A Taxonomy for Contrasting Industrial Control Systems Asset Discovery Tools
This work addresses the problem of selecting fit-for-purpose asset discovery tools for organizations managing industrial control systems, but it is incremental as it builds on existing tools and focuses on feature comparison.
The authors tackled the lack of comparative analysis of asset scanning tools for industrial control systems by proposing a taxonomy and conducting the first systematic feature comparison, validating their findings through experimentation on devices from Siemens, Schneider Electric, and Allen Bradley in a testbed.
Asset scanning and discovery is the first and foremost step for organizations to understand what assets they have and what to protect. There is currently a plethora of free and commercial asset scanning tools specializing in identifying assets in industrial control systems (ICS).
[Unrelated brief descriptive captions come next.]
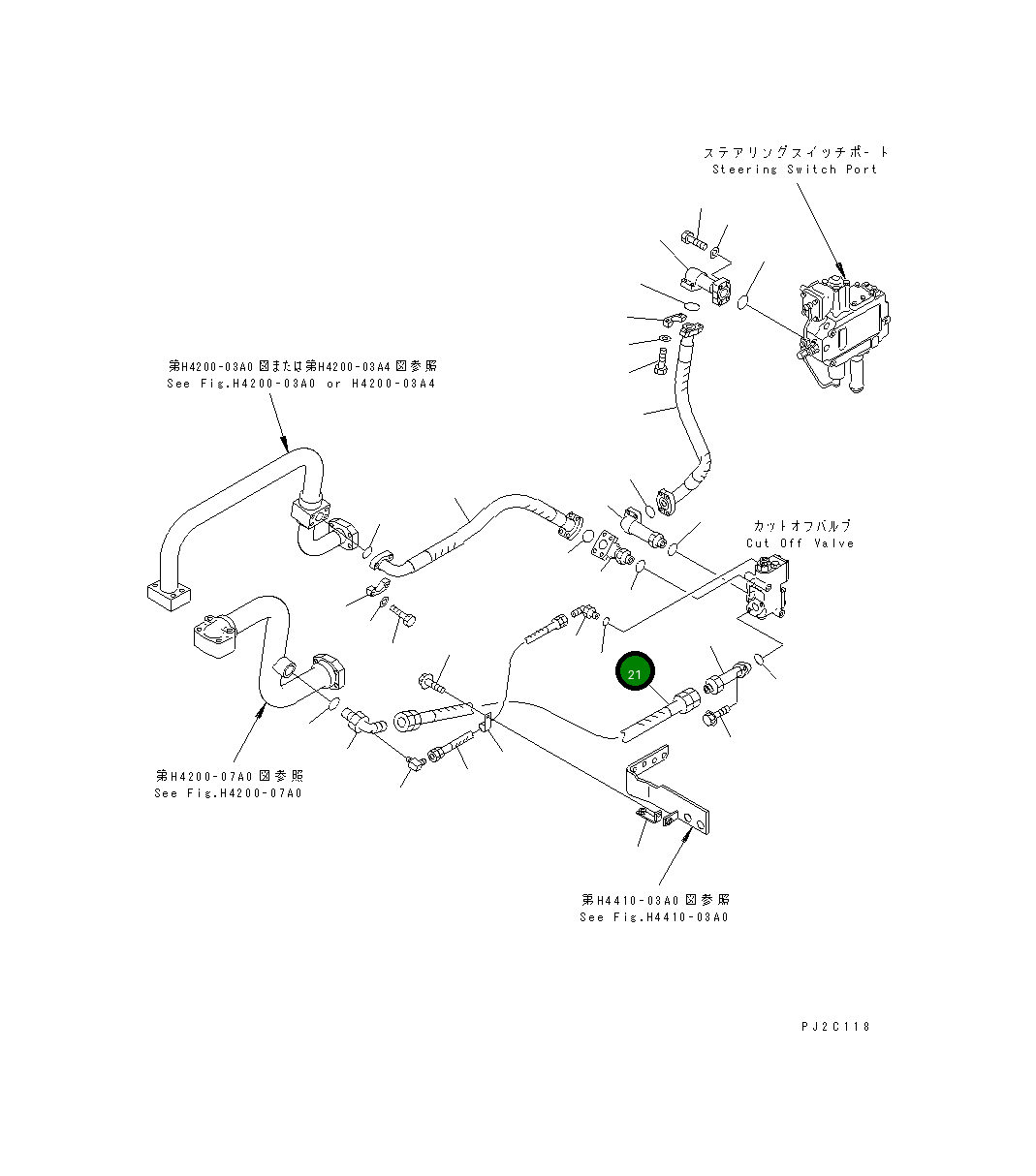 Шланг 426-62-33150 Komatsu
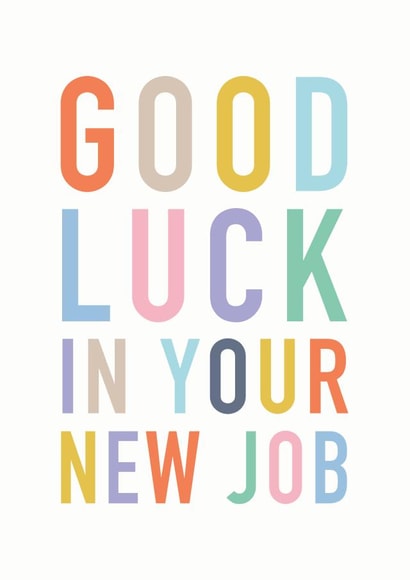 good luck new job card created by Studio 9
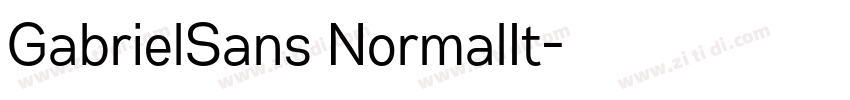 GabrielSans NormalIt字体转换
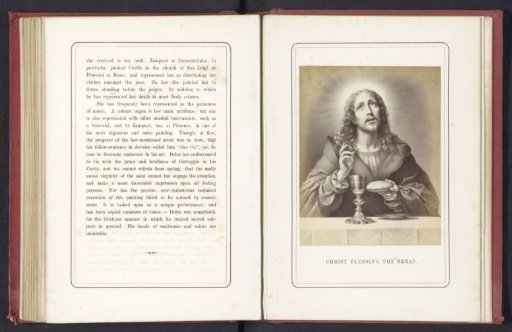 Photographic reproduction of a painting of Christ Blessing the Bread by Carlo Dolci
However, there is little information available on their comparative capabilities and how their respective features contrast. Nor is it clear to what depth of scanning these tools can reach and whether they are fit-for-purpose in a scaled industrial network architecture. We provide the first systematic feature comparison of free-to-use asset scanning tools on the basis of an ICS scanning taxonomy that we propose. Based on the taxonomy, we investigate scanning depths reached by the tools' features and validate our investigation through experimentation on Siemens, Schneider Electric, and Allen Bradley devices in a testbed environment.